From hoping to reach the minimum benchmark of 15 wins each season to racking up feature wins with regularity - the resurgence of the Paul O'Sullivan stable continued unabated at Sha Tin yesterday as the popular Kiwi trainer produced a double including Griffin Trophy victor Line Seeker.
After a lean few seasons O'Sullivan has hit back by building up his numbers and along with the quantity, the quality is coming to the fore with Aerovelocity's Hong Kong Sprint success among the trainer's 12 winners so far this term.
Now Line Seeker's name can be added to the mix of progressive horses under O'Sullivan's care, although this prospect will be given the kid-glove treatment.
"If it wasn't for the terms of this race - age-restricted and worth HK$2 million - we probably wouldn't have run him in it," O'Sullivan said. "We would have targeted a Class Three over 1,200m instead."
Zac Purton was aboard both of O'Sullivan's winners as he tallied two more wins before a six-meeting careless riding ban, and it was at the jockey's insistence that the lightly framed gelding found himself stepping up to 1,400m for the first time at his third start, five weeks after the three-year-old broke through for a maiden win.
"Sprinting after a freshen-up might be his best option - he really got tired the last little bit," O'Sullivan said. "He will only race two or three more times this season, and he will come back and be a nice sprinter.
"Time is always a help to a horse like that but he is never going to be big and strong.
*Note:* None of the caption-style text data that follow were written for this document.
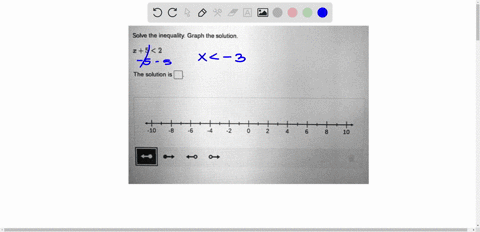 im-really-struggling-here-d-solve-the-inequality-graph-the-solution-i5-2-the-solution-is-4-10-8-8-10-16108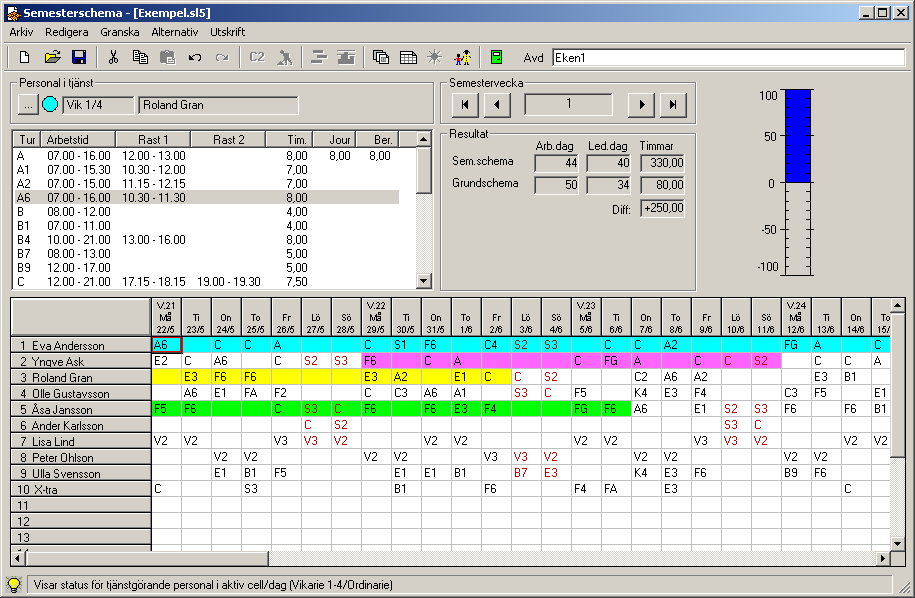 Kapitel 5 Semesterschemat Att lägga ett semesterschema När du väljer Semesterschema första gången kommer programmet att föreslå att ditt grundschema skall läggas ut som underlag för semesterschemat.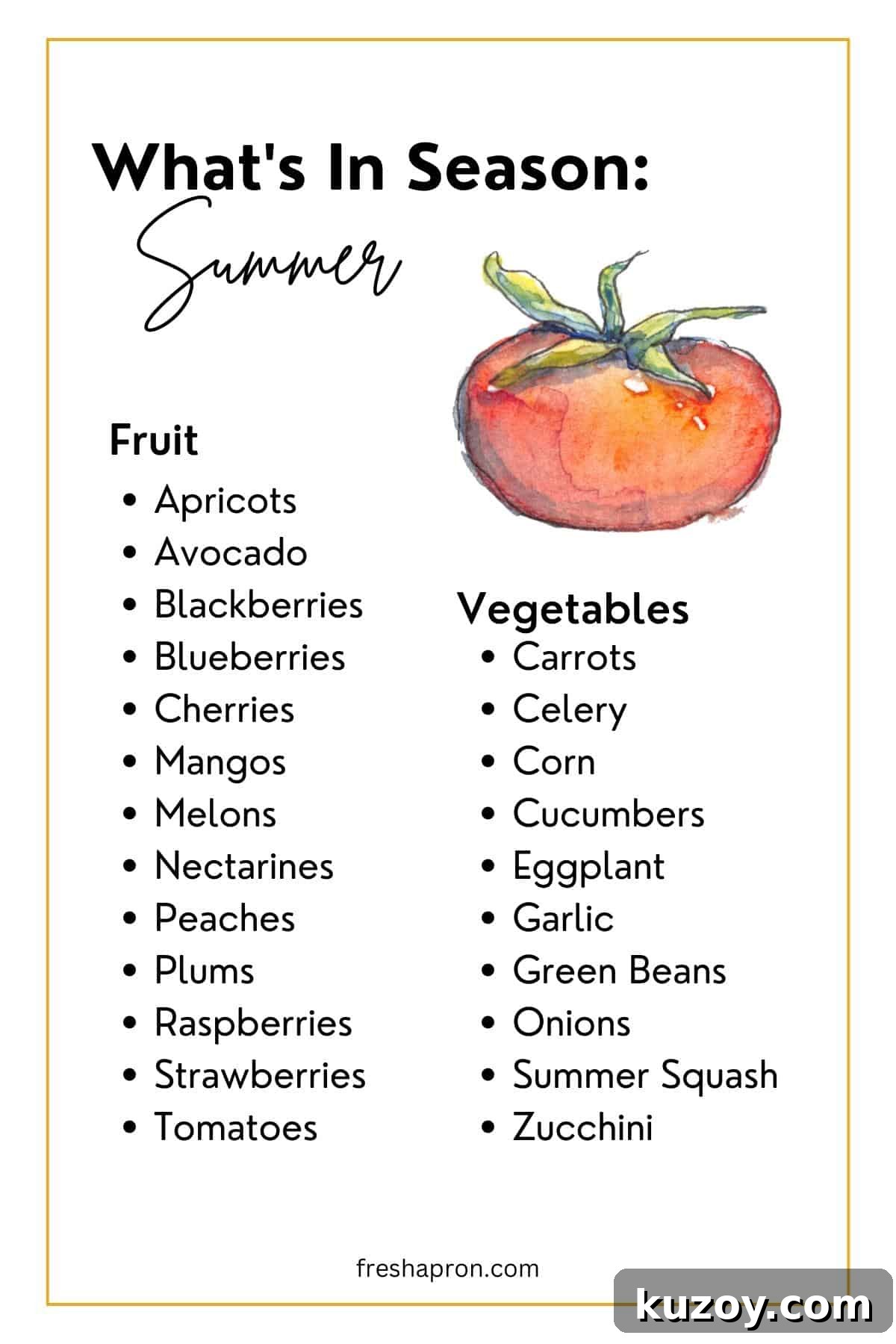 What's in Season in Summer produce guide.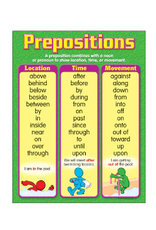 CHARTLET PREPOSITIONS 17"X22"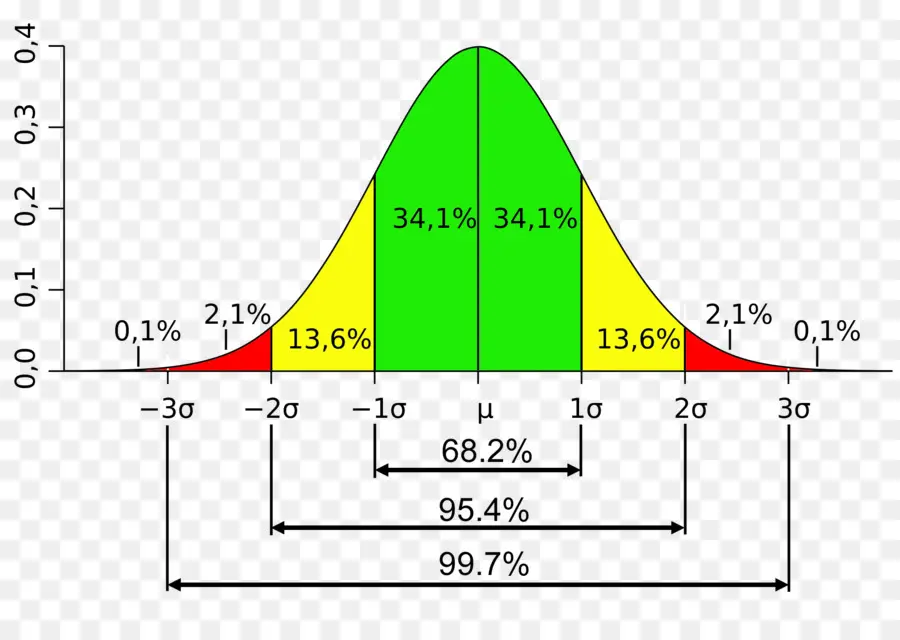 Courbe En Cloche，Statistiques PNG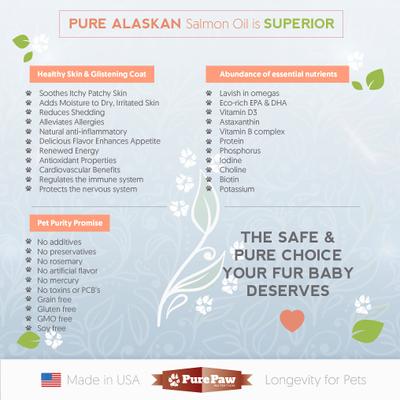 Show full view: Best Paw Nutrition Wild Salmon Medium & Large Dog Soft Gels, 120 count slide 7 of 8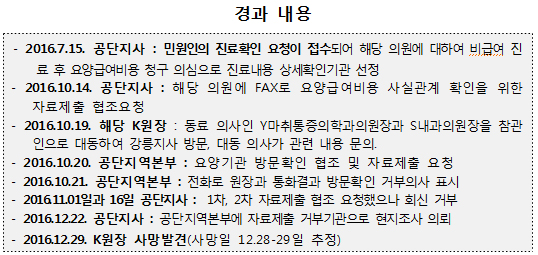 "강릉 의사자살사건, 의료계 극단 반응…공동조사 하자"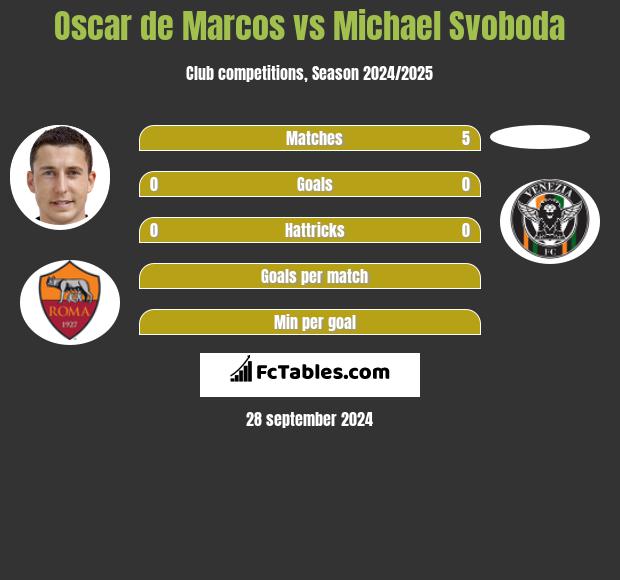 Oscar de Marcos vs Michael Svoboda h2h player stats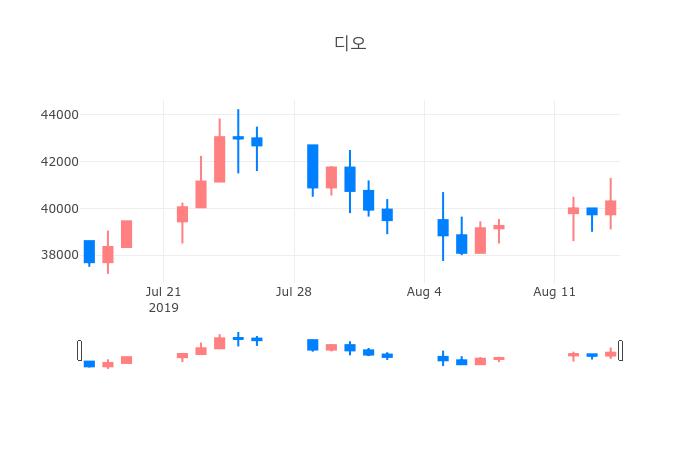 ▲일주일간 디오 등락률 변화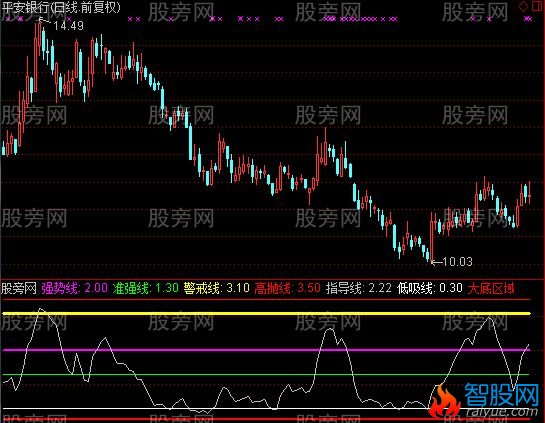 通达信潜伏启动线指标公式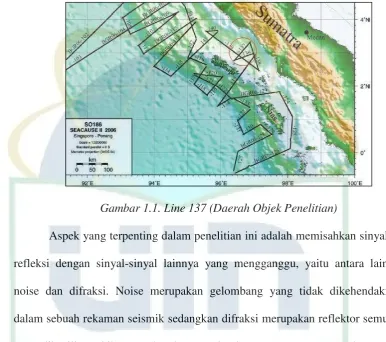Gambar 1.1. Line 137 (Daerah Objek Penelitian)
He has a nice pedigree, but he is an unusual type. He is long and skinny-looking thing, and he lightens off badly after a race. If you saw him in the box the RSPCA would be knocking on my door, but he is very athletic."
Purton said the fact he had to use the well-supported 2.5 favourite early to get to the front from barrier eight added merit to the win, the gelding tiring late and just hanging on by a short head to the fast finishing Sky Hero.
"Taking on 1,400m so early in his career wasn't ideal and he has had that one run extra that Paul didn't really want him to have but was still able to get the job done, so that's a good sign," Purton said. "He got a little bit lost up the straight and waited, and he was tired - that was understandable because I had to roll on him early."
O'Sullivan's second winner came with stable transfer Racing Hero, the type of horse that would have left his yard in recent seasons, who arrived in good shape having just dropped into Class Three.
The high-pressure tempo set by Dicky Lui Cheuk-yin on Numero Uno meant the backmarker was favoured and the seven-year-old scored by two-and-three-quarter lengths after being backed from double figure odds to start 6.8.
O'Sullivan wasn't gloating after the win, admitting the stars aligned for a horse that seems to have a firmly established ratings ceiling.
"I've been around long enough to know I'm not a genius because he won today," O'Sullivan said. "Everything was right for him and the real test is when he goes into Class Two."
Purton backed that assessment: "I've ridden him a lot and he seems to be a totally different horse in Class Three and Class Two - he just doesn't seem to be able to measure up there."